JOSÉ A. CABRANES, District Judge:

This matter is before the court on the plaintiff’s motion to certify two questions of state law to the Supreme Court of Connecticut pursuant to Connecticut Public Act 85-111 (“the Act”). 1 The questions are (1) *1421 Does a credit report constitute a “product” under the Connecticut Product Liability Act, C.G.S. § 52-572m et seq. ? and (2) Does Connecticut Public Act 84-468, which eliminated the need to demonstrate a “nexus with the public interest” in order to prevail in an action under the Connecticut'Unfair Trade Practices Act, C.G.S. § 42-110a et seq., apply retroactively? The motion for certification is opposed by the defendant.

The Supreme Court recognized in Lehman Brothers v.

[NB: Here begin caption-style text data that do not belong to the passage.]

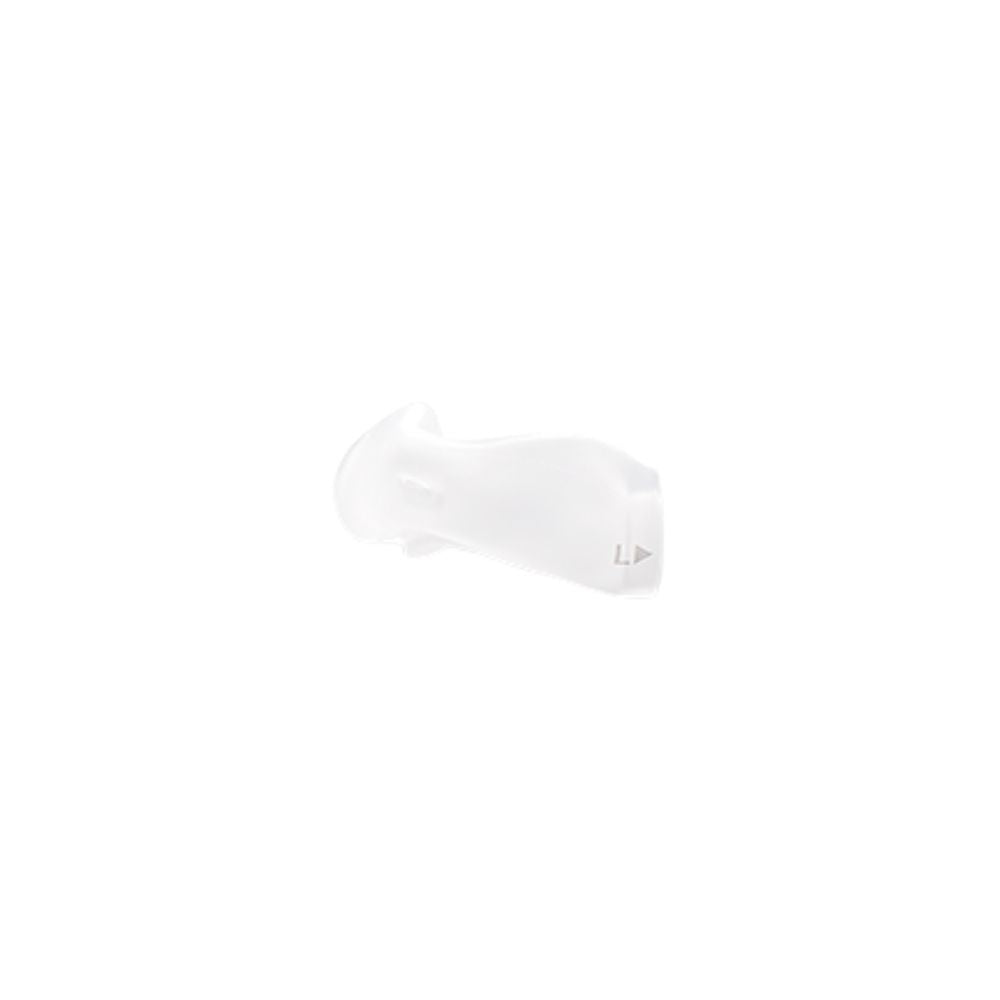 Philips DreamWear Nasal Cushion Size Large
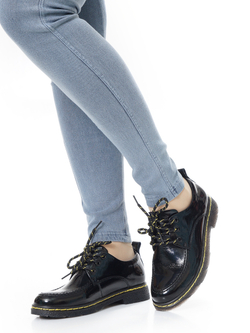 Туфли женские RENZONI DCO55-1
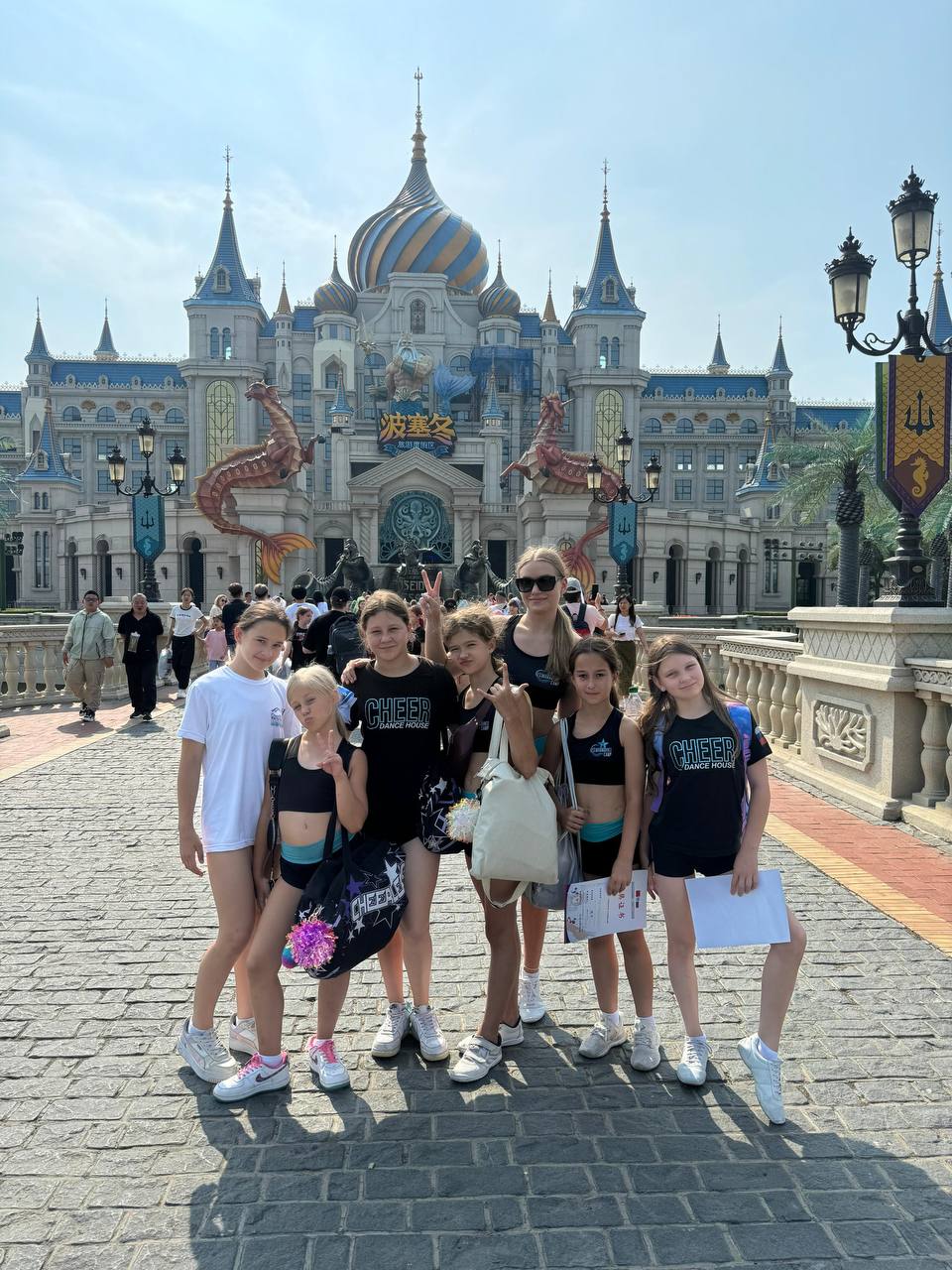 30 октября - День тренера! 30 октября - День тренера!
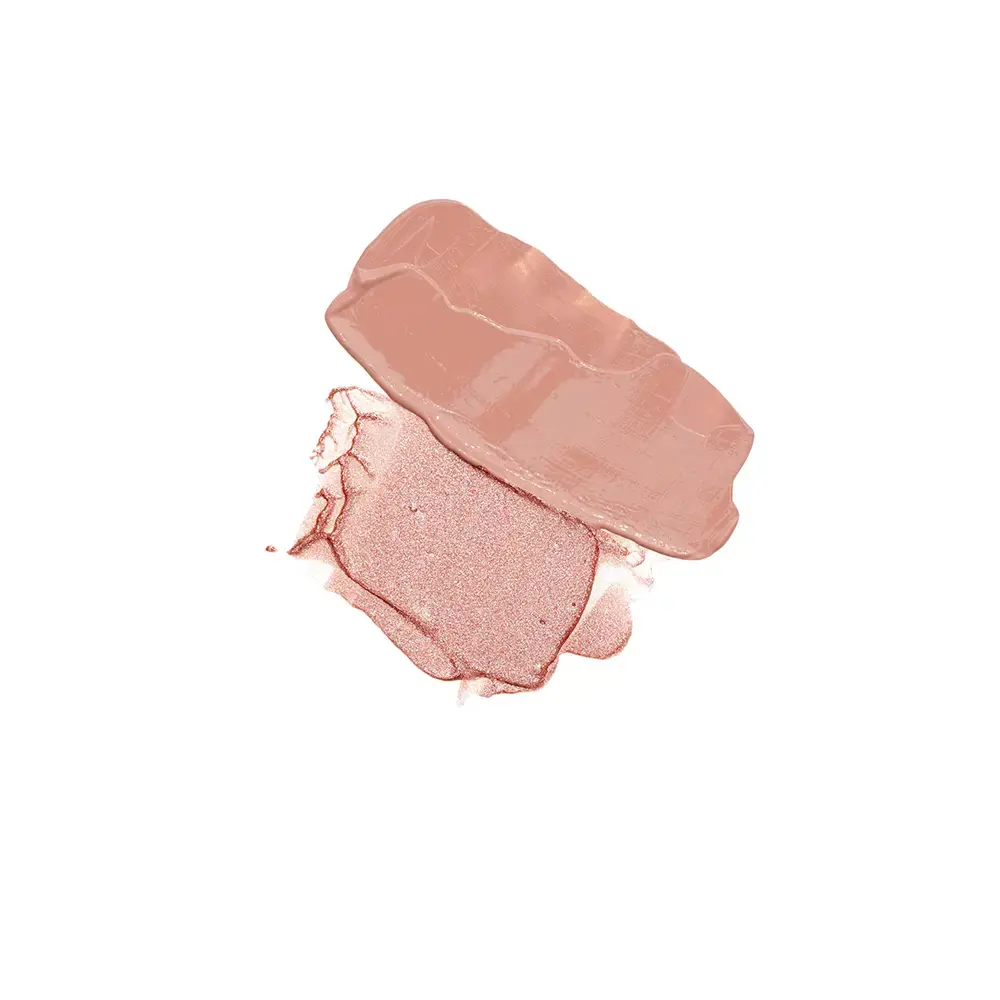 GOSH EYECONIC SHADOWS opaco e metallizzato #004-classy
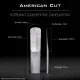 Légère American Cut 3.50
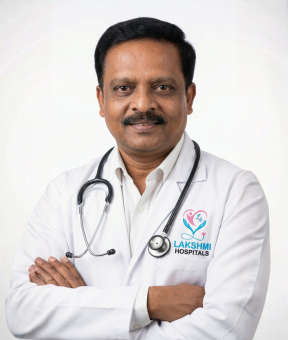 dr sundarjana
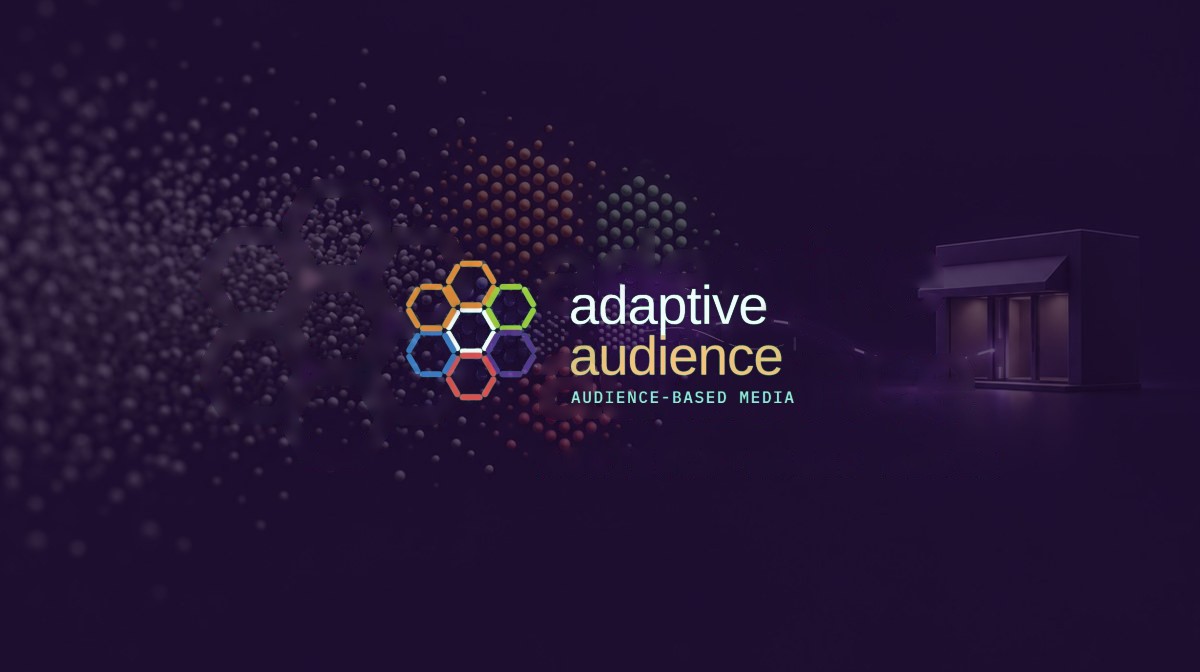 Adaptive Audience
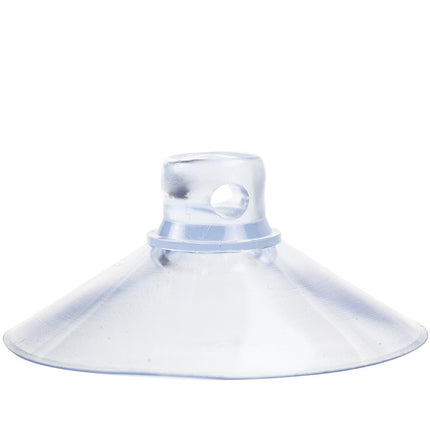 Abdeckplanemarkt Saugnapf 50mm mit Öse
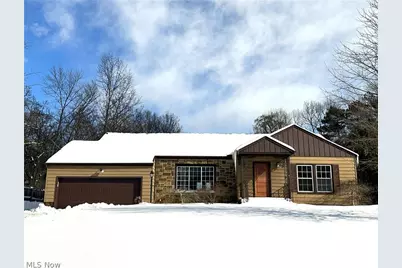 7311 Brecksville Road, Independence, OH 44131 - Photo 1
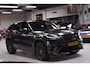 Land Rover Range Rover Velar 2.0 I4 Turbo AWD R-Dynamic HSE Panoramadak|1e Eig|Dealer onderhouden|BTW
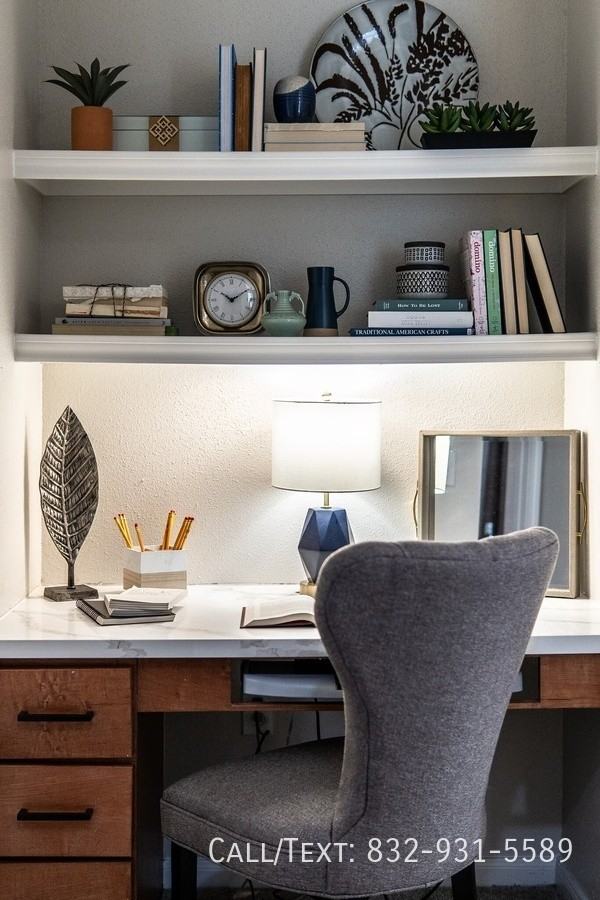 7698 Flintridge Dr #GASR - Photo 7 of 15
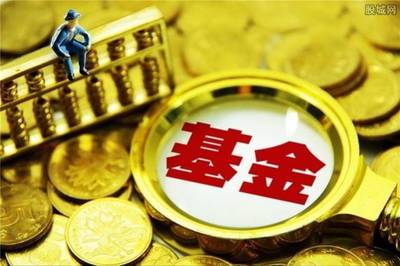 平安大華基金正式更名平安基金，增資十億強化資本市場全鏈條布局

Schein, 416 U.S. 386, 391, 94 S.Ct. 1741, 1744, 40 L.Ed.2d 215 (1974), that the use of certification procedures such as those provided by the Act is not obligatory but “rests in the sound discretion of the federal courts.” It is therefore appropriate for a federal judge sitting in Connecticut to consider the prudential guidelines that ought to inform the use of the new certification procedures.

I.

The search for such guidelines must begin with an examination of the abstention doctrine developed over the past 50 years by the United States Supreme Court. The Court has frequently recognized that

“[t]he doctrine of abstention, under which a District Court may decline to exercise or postpone the exercise of its jurisdiction, is an extraordinary and narrow exception to the duty of a District Court to adjudicate a controversy properly before it. Abdication of the obligation to decide cases can be justified under this doctrine only in the exceptional circumstances where the order to the parties to repair to the state court would clearly serve an important countervailing interest.”

Colorado River Water Conservation District v. United States, 424 U.S. 800, 813, 96 S.Ct. 1236, 1244, 47 L.Ed.2d 483 (1976), quoting County of Allegheny v. Frank Mashuda Company, 360 U.S. 185, 188-189, 79 S.Ct. 1060, 1062-1063, 3 L.Ed.2d 1163 (1959). It has been emphasized that to deny a litigant the opportunity to raise issues of state law in a federal diversity action “merely because the answers to the questions of state law are difficult or uncertain or have not yet been given by the highest court of the state, would thwart the purpose of the jurisdictional act.” Meredith v. Winter Haven, 320 U.S. 228, 234-235, 64 S.Ct. 7, 10-11, 88 L.Ed. 9 (1943).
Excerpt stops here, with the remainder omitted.